White D H, Lubulwa G A, Menz K, Zuo H, Wint W, Slingenbergh J
ASIT Consulting, Hawker, ACT, Australia.
Environ Int. 2001 Sep;27(2-3):181-7. doi: 10.1016/s0160-4120(01)00080-0.
Investment in agricultural research in developing countries is being increasingly targeted at those agro-climatic zones and issues where the economic and environmental benefits may be expected to be greatest. This first requires that the zones themselves be defined, along with information on domestic livestock numbers and commodity output within agro-climatic zones in different countries. Different methods for classifying agro-climatic zones were compared. These included methods based on estimated length of growing period (LGP) using rainfall and temperature data, the ratio of precipitation to potential evapotranspiration (PET), and on more detailed agronomic models, remote sensing data and land use information. Zonation based on LGP has already been linked to existing national livestock data. By defining agro-climatic zones and relating concentrations of livestock populations to those of humans, it is possible to make realistic estimates of livestock populations and the production of livestock commodities for most developing countries. Detailed agro-climatic analyses of Mainland East Asia and Sri Lanka have recently been undertaken using the GROWEST agronomic model. Using this model as the basis of agro-climatic classification appears to be significantly superior, particularly in temperate environments, to approaches based solely on LGP. Different ways of subdividing countries and continents into agro-climatic or agro-ecological zones (AEZs) are reviewed in this paper. In addition, we show how the numbers of production and commodities from domestic livestock can be allocated to such zones. We also indicate how some of this information can be applied.

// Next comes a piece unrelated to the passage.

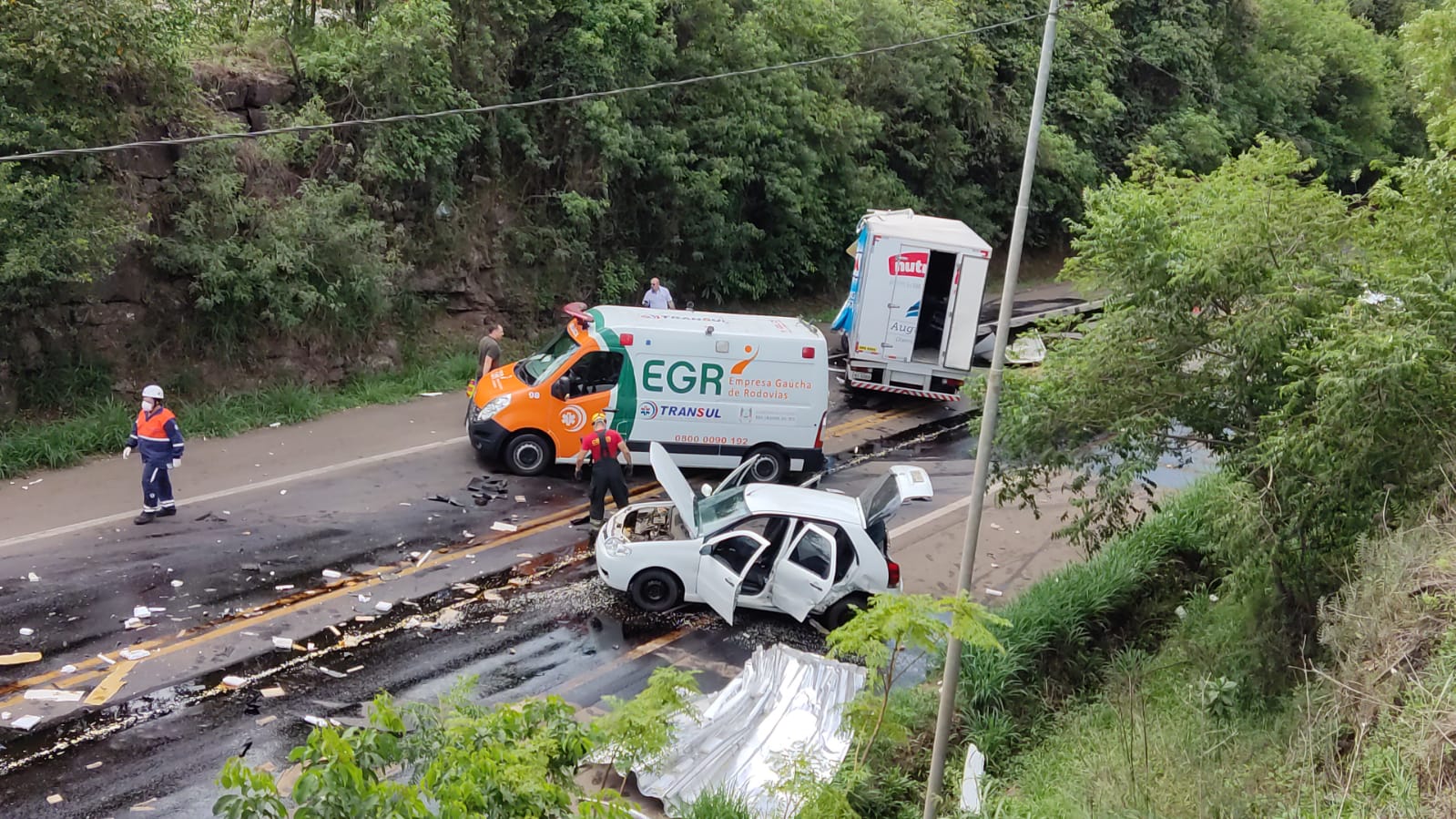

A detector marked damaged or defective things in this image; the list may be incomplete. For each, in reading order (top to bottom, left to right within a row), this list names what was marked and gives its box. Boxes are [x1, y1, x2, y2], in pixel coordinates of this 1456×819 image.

damaged white car [590, 443, 932, 627]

发展中国家对农业研究的投资越来越多地针对那些预计经济和环境效益最大的农业气候区及相关问题。这首先需要界定这些区域,以及不同国家农业气候区内家畜数量和商品产量的信息。对划分农业气候区的不同方法进行了比较。这些方法包括基于利用降雨和温度数据估算生长周期长度(LGP)的方法、降水与潜在蒸散量(PET)的比率,以及更详细的农艺模型、遥感数据和土地利用信息。基于LGP的分区已经与现有的国家家畜数据相关联。通过界定农业气候区,并将牲畜种群的集中情况与人类的集中情况联系起来,有可能对大多数发展中国家的牲畜种群和牲畜商品产量做出实际估计。最近利用GROWEST农艺模型对东亚大陆和斯里兰卡进行了详细的农业气候分析。以该模型作为农业气候分类的基础似乎明显优于仅基于LGP的方法,尤其是在温带环境中。本文回顾了将国家和大陆划分为农业气候区或农业生态区(AEZ)的不同方法。此外,我们展示了如何将国内家畜的生产数量和商品分配到这些区域。我们还指出了其中一些信息的应用方式。